▸ **Exercise instructions**:
Set the listing down unchanged, minus every embedded image.

▸ **Source data**:
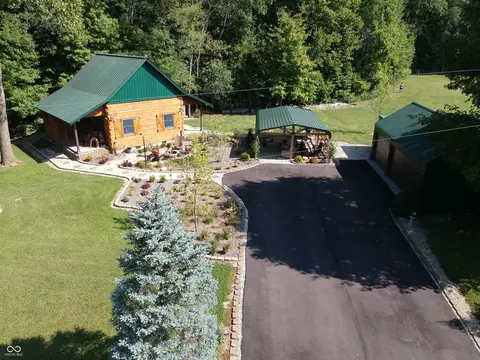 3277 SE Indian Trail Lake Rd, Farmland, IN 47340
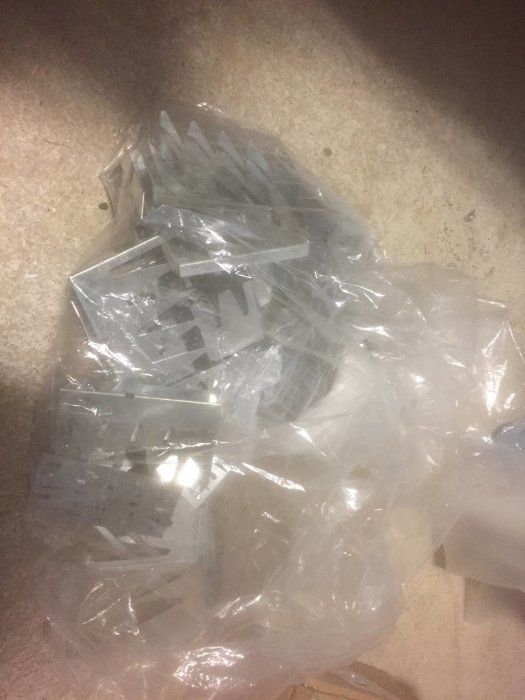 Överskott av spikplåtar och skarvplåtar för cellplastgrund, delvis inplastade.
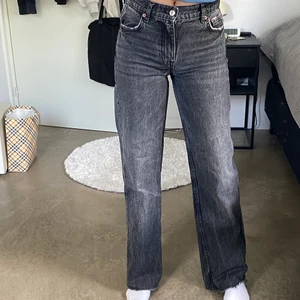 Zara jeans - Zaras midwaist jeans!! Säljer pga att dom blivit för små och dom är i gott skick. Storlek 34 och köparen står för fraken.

▸ **Written reply**:
 3277 SE Indian Trail Lake Rd, Farmland, IN 47340
 Överskott av spikplåtar och skarvplåtar för cellplastgrund, delvis inplastade.
 Zara jeans - Zaras midwaist jeans!! Säljer pga att dom blivit för små och dom är i gott skick. Storlek 34 och köparen står för fraken.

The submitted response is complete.